氣體游離式感測器是一種以氣體分子各自獨特的物理特性來分辨不同氣體的元件，傳統上，氣體游離式感測器受限於過大的結構（如火焰游離式感測器及光游離式感測器）、危險的高電壓操作並其伴隨而來的高功率消耗等因素。因此在本篇論文的實驗中，吾人嘗試利用奈米碳管較低的功函數、尖銳的特點以及在適當電場下能獲得極佳之游離待測氣體能力與穩定性等來改善氣體游離式感測器。 在本篇論文實驗的起頭，首先會討論不同表面型態的奈米碳管薄膜所造成的氣體崩潰特性之差異。由無定向之碳管薄膜的量測結果發現，其崩潰電壓十分不穩定且在高電壓區域的誤差有將近100伏特的變動。這些結果被認為與其表面碳管的長度不一有很大的關係。因為相對來說，均勻垂直之碳管薄膜就有較穩定的氣體崩潰特性。但是，對於這兩種表面型態不同的碳管薄膜來說，在經過穩定性測試的高電壓處理之後，它們的崩潰電壓漂移的情形都十分嚴重。無定向之碳管薄膜在經過1000次重複的穩定性測試之後，其崩潰電壓由起初的365V上升到605V，相當於上升了68%。而均勻垂直之碳管薄膜在經過相同1000次重複的穩定性測試之後，其崩潰電壓則由395V上升到575V，也就是上升了45%。並且我們從掃描式電子顯微鏡圖中可觀察發現，崩潰電壓上升的主要原因跟碳管在高電壓下會有被拔除與燒結的現象有關。 因此，為了增進奈米碳管氣體游離式感測器之穩定性，吾人嘗試以鈷-鈦催化劑金屬共鍍的方式來改善碳管與基板之間的附著力及接觸阻抗。並且由實驗的結果可發現，以此方式合成之碳管薄膜確實有更穩定的崩潰特性，在經過同樣1000次重複的穩定性測試之後，其崩潰電壓僅由375V上升到435V，只上升了16%，與先前兩種碳管薄膜比較起來可說大有改進。 另外，為了改善氣體游離式感測器的功率消耗，減低其操作電壓是首先需要研究的。

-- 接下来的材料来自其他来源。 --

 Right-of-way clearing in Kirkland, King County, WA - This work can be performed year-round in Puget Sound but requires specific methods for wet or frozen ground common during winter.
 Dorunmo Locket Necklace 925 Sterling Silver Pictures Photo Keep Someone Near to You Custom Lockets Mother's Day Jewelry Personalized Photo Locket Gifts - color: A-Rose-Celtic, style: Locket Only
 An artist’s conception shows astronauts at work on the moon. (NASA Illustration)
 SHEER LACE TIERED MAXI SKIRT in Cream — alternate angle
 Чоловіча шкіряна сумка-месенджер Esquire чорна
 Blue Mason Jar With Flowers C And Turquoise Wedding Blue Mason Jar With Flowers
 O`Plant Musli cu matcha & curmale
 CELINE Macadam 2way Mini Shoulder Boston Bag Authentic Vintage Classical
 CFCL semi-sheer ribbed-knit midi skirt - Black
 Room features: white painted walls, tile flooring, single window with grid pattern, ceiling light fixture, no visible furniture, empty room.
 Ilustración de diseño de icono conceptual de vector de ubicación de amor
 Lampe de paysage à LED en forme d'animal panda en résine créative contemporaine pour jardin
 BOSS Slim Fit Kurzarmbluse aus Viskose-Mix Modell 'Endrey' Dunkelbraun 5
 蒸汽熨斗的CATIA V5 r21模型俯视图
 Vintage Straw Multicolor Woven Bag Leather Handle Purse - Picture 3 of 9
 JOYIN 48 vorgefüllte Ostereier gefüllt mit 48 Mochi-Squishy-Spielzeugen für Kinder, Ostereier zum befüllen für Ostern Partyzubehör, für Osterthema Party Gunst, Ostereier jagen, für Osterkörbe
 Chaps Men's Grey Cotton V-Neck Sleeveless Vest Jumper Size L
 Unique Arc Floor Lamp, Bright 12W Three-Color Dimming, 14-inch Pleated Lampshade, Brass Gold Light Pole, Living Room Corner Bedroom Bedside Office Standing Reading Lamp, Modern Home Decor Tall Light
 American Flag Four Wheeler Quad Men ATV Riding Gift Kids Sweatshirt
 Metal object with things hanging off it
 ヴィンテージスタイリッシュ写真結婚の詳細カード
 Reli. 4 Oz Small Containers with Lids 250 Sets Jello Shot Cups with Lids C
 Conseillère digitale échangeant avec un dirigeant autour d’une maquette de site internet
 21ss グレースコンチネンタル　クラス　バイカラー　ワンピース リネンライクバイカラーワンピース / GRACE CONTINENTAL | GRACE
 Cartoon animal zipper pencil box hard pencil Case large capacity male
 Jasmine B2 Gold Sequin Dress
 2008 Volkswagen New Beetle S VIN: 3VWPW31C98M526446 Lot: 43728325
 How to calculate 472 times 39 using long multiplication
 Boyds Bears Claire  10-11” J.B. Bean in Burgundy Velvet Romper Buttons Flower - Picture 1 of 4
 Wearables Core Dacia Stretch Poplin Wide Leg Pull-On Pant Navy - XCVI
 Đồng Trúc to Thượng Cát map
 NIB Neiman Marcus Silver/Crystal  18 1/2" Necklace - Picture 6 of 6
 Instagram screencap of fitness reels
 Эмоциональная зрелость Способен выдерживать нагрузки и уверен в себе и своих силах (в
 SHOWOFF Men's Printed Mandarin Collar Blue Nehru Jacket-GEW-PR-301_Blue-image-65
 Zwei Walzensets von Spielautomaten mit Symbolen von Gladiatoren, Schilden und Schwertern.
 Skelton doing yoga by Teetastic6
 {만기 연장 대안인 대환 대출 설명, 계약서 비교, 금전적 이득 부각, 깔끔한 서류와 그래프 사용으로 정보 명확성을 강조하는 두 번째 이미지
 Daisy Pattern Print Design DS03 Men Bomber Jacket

在這部份，則使用不同間距高度比的奈米碳管柱列來探討在多少的間距高度比下有最理想的表面電場分佈，以期達到有最好的拉電子能力並可最早達到氣體崩潰；也就是有最低的崩潰電壓。在實驗中，吾人嘗可在量測結果的統整中發現，在間距高度比約2.91附近有最低的崩潰電壓。因此此理想的陣列間距高度比可應用於降低氣體游離式感測器的操作電壓以及功率消耗。 接下來，這些理想化過後的碳管柱陣列被使用來探討在不同氣體環境下的氣體游離特性。這些不同的氣體因為具有不同的平均自由路徑、游離能及再結合率，因此會有各自獨特的Paschen’s curve。利用這些Paschen’s curve並加上適當地選擇氣體壓力與間距的乘積值，則可製作出既操作在低電壓，又能有足夠寬的間隔來分辨不同氣體的崩潰電壓。最後，吾人探討不同比例的氬氣、二氧化碳與一般空氣混和之後的崩潰電壓變化：以間距高度比為2.91碳管柱陣列為例，當二氧化碳在空氣中的比例到達15%時，則崩潰電壓上升會60V，當氬氣在空氣中的比例到達11%時，則崩潰電壓會下降100V。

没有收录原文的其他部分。